More women are taking leadership roles in Malaysia’s marketing industry

While several other markets struggle with empowering women in senior leadership, it looks like Malaysia is on the right track. (Read also Why the marketing industry needs more female leaders.)

Female bosses are on the rise, according to a study by specialist recruitment firm font. One has to simply look at the advertising agency scene to see the presence of strong female leads in agencies. For example, Michelle Achuthan of BBDO Malaysia, Lara Hussein of M&C Saatchi, Mazuin Zin of Mullen Lowe, Margaret Lim of Dentsu Aegis, Nicole Tan of JWT, Irene Wong of Grey Malaysia and Wong Piyee of Zenith Malaysia.

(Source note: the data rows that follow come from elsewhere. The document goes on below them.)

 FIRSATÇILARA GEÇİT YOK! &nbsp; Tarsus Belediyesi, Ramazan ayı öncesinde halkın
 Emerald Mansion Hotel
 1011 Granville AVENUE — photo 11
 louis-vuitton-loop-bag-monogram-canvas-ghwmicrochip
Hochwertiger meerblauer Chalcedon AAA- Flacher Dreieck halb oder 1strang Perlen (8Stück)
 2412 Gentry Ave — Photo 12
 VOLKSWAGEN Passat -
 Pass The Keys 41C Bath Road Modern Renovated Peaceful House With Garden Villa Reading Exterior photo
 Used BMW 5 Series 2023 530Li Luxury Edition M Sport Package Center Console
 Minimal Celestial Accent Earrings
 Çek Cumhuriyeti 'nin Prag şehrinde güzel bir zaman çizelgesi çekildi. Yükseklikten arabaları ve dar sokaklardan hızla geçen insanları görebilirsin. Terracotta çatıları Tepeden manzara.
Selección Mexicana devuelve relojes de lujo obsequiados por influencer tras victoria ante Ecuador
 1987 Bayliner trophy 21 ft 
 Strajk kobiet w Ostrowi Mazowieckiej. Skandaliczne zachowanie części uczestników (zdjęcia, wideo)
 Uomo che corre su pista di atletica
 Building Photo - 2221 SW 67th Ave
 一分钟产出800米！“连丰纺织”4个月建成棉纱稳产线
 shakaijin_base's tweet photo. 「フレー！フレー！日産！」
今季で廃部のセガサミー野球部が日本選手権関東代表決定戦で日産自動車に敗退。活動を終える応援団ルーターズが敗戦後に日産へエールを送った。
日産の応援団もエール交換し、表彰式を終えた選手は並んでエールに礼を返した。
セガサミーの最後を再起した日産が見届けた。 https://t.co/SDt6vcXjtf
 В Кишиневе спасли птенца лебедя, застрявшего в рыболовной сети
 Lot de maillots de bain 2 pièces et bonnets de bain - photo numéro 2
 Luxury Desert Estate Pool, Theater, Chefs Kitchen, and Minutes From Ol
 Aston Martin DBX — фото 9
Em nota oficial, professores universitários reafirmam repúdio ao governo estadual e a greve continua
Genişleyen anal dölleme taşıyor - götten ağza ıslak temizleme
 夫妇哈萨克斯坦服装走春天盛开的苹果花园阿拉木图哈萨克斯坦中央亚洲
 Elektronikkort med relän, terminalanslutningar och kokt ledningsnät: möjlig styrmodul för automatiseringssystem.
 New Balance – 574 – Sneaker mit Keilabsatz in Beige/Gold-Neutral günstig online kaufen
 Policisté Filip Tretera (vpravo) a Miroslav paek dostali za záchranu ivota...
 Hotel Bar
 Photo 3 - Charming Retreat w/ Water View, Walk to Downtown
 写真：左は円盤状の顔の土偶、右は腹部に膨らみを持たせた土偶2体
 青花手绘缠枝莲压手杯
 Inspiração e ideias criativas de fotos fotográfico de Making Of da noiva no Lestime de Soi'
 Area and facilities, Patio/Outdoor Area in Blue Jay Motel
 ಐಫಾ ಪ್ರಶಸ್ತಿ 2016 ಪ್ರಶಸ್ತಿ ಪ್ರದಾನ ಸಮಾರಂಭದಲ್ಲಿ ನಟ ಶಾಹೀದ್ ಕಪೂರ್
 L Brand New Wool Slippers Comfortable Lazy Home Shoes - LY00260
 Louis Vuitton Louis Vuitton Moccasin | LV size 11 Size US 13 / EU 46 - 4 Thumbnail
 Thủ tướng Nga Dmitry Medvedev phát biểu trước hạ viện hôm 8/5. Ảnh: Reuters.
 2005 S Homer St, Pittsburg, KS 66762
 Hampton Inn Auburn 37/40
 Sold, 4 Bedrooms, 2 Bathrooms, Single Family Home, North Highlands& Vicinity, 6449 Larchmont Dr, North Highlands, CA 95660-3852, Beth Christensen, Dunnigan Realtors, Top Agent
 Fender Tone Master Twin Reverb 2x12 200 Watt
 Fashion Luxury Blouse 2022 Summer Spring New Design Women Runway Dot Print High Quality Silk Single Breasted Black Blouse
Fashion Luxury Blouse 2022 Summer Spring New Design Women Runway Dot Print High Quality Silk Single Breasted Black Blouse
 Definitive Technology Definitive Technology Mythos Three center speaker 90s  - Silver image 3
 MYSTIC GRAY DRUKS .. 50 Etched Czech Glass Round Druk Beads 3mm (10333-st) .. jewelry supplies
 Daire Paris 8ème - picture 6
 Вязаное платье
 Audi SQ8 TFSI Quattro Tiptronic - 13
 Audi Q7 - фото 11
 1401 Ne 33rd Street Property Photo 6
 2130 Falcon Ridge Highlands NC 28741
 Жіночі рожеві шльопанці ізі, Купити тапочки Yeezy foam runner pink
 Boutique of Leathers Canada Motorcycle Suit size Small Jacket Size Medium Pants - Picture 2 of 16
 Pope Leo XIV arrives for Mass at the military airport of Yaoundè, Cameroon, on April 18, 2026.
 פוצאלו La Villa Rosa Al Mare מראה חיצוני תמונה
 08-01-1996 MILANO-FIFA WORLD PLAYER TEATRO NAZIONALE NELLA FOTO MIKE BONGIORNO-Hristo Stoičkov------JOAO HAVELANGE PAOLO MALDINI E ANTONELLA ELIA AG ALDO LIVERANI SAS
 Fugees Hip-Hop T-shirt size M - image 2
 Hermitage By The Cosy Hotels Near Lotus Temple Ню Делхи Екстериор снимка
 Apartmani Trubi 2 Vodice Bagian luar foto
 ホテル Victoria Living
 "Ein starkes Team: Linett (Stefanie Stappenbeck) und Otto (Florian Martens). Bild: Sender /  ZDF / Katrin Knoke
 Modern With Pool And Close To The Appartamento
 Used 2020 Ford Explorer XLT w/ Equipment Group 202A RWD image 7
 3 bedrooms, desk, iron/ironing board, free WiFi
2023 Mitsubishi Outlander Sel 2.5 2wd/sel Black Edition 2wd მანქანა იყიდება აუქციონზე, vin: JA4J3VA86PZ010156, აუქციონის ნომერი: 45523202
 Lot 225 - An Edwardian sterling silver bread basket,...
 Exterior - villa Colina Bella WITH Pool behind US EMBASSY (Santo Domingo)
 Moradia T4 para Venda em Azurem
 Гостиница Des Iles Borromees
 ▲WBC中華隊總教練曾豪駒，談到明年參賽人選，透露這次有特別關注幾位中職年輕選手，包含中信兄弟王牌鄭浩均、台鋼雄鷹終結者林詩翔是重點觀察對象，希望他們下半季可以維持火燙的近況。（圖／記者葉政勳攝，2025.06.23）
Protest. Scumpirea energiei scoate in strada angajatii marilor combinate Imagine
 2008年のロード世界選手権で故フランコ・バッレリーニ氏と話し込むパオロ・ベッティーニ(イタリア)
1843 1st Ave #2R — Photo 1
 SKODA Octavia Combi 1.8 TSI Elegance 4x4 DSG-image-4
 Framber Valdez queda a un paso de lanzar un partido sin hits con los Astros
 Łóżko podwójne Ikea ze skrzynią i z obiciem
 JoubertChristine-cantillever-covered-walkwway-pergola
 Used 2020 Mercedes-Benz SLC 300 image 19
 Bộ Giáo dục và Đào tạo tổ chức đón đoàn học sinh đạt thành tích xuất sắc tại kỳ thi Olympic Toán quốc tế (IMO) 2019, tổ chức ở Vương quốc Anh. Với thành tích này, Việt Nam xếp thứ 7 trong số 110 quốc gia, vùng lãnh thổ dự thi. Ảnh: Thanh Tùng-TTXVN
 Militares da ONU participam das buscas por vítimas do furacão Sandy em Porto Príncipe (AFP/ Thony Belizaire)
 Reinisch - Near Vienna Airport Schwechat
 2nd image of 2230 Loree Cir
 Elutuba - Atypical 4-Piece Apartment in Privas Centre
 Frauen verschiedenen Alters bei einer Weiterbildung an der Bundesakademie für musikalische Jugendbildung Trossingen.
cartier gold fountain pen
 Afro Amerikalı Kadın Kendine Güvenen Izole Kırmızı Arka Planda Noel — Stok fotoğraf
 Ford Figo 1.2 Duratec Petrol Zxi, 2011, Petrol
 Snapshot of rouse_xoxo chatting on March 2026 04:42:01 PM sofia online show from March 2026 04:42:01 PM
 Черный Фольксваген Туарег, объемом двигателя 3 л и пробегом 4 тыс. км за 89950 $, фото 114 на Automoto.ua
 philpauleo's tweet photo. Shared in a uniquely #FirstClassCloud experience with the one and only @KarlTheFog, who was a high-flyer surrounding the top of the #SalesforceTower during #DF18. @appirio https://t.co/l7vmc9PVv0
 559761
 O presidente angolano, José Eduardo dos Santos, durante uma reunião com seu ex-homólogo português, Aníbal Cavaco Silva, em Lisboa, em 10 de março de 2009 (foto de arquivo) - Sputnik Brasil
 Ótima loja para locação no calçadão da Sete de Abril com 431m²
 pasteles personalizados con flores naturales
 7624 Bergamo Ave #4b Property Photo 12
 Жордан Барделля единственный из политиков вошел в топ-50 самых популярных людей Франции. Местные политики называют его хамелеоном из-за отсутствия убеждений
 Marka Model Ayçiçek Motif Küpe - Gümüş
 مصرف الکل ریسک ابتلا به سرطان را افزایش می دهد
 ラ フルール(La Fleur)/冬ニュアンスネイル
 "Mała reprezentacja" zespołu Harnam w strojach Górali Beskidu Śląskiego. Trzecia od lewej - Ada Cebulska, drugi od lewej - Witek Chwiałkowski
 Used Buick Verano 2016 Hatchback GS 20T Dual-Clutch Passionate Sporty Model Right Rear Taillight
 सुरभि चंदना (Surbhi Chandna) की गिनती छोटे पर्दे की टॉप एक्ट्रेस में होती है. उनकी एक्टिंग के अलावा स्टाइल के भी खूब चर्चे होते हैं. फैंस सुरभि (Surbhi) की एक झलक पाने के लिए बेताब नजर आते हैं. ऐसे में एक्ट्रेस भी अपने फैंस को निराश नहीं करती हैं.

According to the study by font, which specialises in the creative, digital and marketing sectors, women continue to take on more leadership positions with almost half of the firms interviewed claiming they have more than 30% of senior positions occupied by women.

Also, in Malaysia, female employees are fast drawing equal salaries to their male counterparts, and many are finding a spot on the leadership bench. Similar to Singapore, women in Malaysia are more likely to have received a pay rise in the past 12 months than men.

Gender Women

“We see this trend rising for 2015 and beyond, as Malaysia continues to strengthen its stance towards strategic diversity programmes, and the government strengthens its support for businesses to entice women back to the workforce,” said Priya Bala, regional marketing director of font.

So why is this so?

Bala explained this could be because of the country’s concerted diversity push, as the government aims for Malaysia to be considered a developed nation by 2020.

However, it could also be due to women jumping between roles more frequently than men, perhaps to shift to businesses with more flexible working hours and childcare facilities.

This is shown by the fact that more than 60% of women have been in their current role for less than two years. The study also states that money and professional development are two consistent factors affecting talent’s decisions to stay or job hop.

What else are companies looking for?

Meanwhile, the job market in Malaysia is also looking positive for people with specialised skills in social media, search, analytics and developers, as well as for people who are integrated or hybrid, particularly at the mid-to-senior level.

This includes PR managers who have a strong grasp of digital and social media; project managers who face clients and lead business development; art directors and designers who are savvy with digital platforms; copywriters or content writers for multiple mediums, and marketing managers with digital capabilities.

Malaysian companies are adopting a neutral outlook to business in 2015. Nearly 42% think the industry will remain at a similar level, while almost a third are positive it will strengthen. Respondents are also confident about their company’s growth, with 68% expecting permanent staff members to increase.


There is also a lot of crossover of talent from creative to media agencies and from media owners to media agencies, and vice versa.

The days of pure TV, radio or print have ended, and talent who are loyal to these traditional channels will soon find themselves becoming irrelevant. It is imperative for them to make the switch and embrace the digital era, said a note in the study.